In questi giorni,come si prevedeva, i fautori di referendum anti Unione europea e antieuro hanno alzato la voce. In Ungheria come in Olanda c’è chi affila le armi ed attende rinforzi. Anche chi riscopre una visione di democrazia collegiale al grido di “non possono decidere solo in tre”, scalpita aumentando la dose di incertezza già grande. Incertezza che si avvale anche delle previsioni sulla crescita con tagli del Pil per il 2016 ed il 2017 che portano acqua al mulino della paura.
In prospettiva c’è anche l’eventualità che la Gran Bretagna, paese che esporta il 63% dei suoi prodotti in Europa, se la prenda comoda e punti a sforare il 2016 per prolungare il più possibile il destino Brexit.
In questa confusione lo scenario si aggrava con quella che appare essere una sorta di emergenza banche con le loro montagne di debiti “marci” come vengono definiti, non pochi dei quali ormai inesigibili. La varietà della casistica è da capogiro in Italia ma non solo: ci sono le sofferenze (in Italia poco meno di 90 miliardi si dice, le più pericolose), i crediti incagliati, quelli ormai scaduti, quelli che sono stati ristrutturati fra mille dubbi e traversie.
C’è chi arriva a calcolarne l’intero ammontare in oltre 300 miliardi di euro. Ma la gara alla cifra più alta resta aperta. Per giunta la Cgia di Mestre ci informa che nel nostro Paese l’80% delle sofferenze sono in capo a grandi società, le stesse – contraddizione apparente – che hanno più facile accesso al credito. E senza fare parallelismi inappropriati non si può tacere che nel passato si documentò in Parlamento che parte dell’evasione fiscale “perduta” in termini di riscossione… proveniva da un manipolo di “grandi” contribuenti infedeli.
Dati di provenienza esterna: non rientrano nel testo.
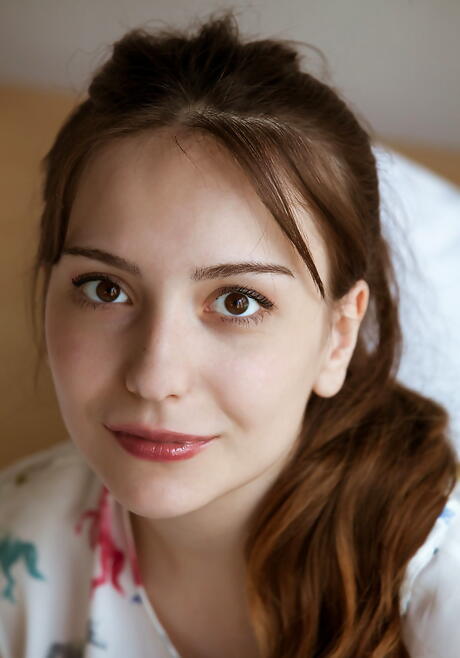 Sexy young Maxima in fancy shorts exposes her butt and hairy twat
E non era colpa della recessione. Fenomeni invece tollerati da un conformismo politico nei confronti della multiforme faccia dei potentati economici di casa nostra che è vecchio, trasversale e meriterebbe, questo sì, una vera rottamazione. Le misure di contrasto per ovviare alle difficoltà bancarie intanto sono sempre le stesse: l’unione bancaria che non si farà, il paracadute che ad esempio l’Italia (per fortuna) alzando la voce ha ottenuto, le ricapitalizzazioni e così via. Ma nel frattempo la sfiducia verso il sistema bancario tocca l’apice.
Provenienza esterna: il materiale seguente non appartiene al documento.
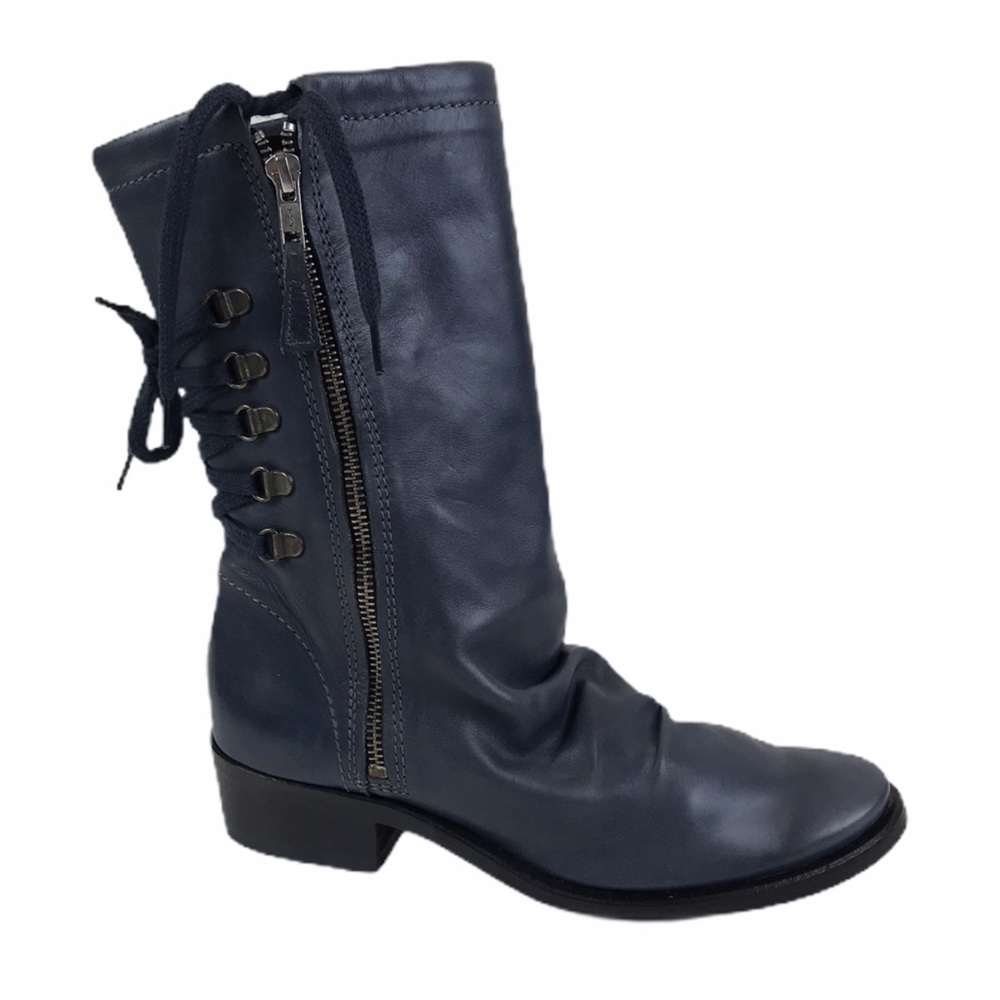 RARE Georgina Goodman Moto Lace Up Leather Boots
Come è possibile ad esempio che i lavoratori vicini alla pensione possano pensare di utilizzare un eventuale anticipo pensionistico che passa per banche e assicurazioni in un momento del genere? Pazzesco solo immaginare un successo per questa formula… Ed il risparmio? Se continua così tornerà l’era dei soldi nel materasso. Ma al di là degli effetti diretti, non può non preoccupare il riflesso sull’economia di un Paese come il nostro di queste difficoltà, maggiori di quelle della volatilità dei mercati: gli scricchiolii bancari affievoliranno ancor di più la propensione al rischio e il clima di fiducia già basso.
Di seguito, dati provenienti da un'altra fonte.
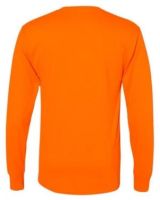 Hanes W120 Workwear Long Sleeve Pocket T-Shirt - Safety Orange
Quello che manca è che la politica riprenda in Europa e in Italia il suo posto che non è quello dello scontro fra mediocri per le leadership o dell’occupazione del potere approfittando delle debolezze dei competitori. Ma una politica che con forza torni a progettare un futuro vero per i cittadini. E non aspetti l’art. 50 dell’Unione europea. Qui la latitanza appare ancora completa. Mentre avanza la disgregazione sociale ed economica nel bel mezzo di una rivoluzione di sistema in economia e tecnologica. E’ il caso di dire: politica se ci sei batti un colpo… Ma quello buono, progettuale, per favore.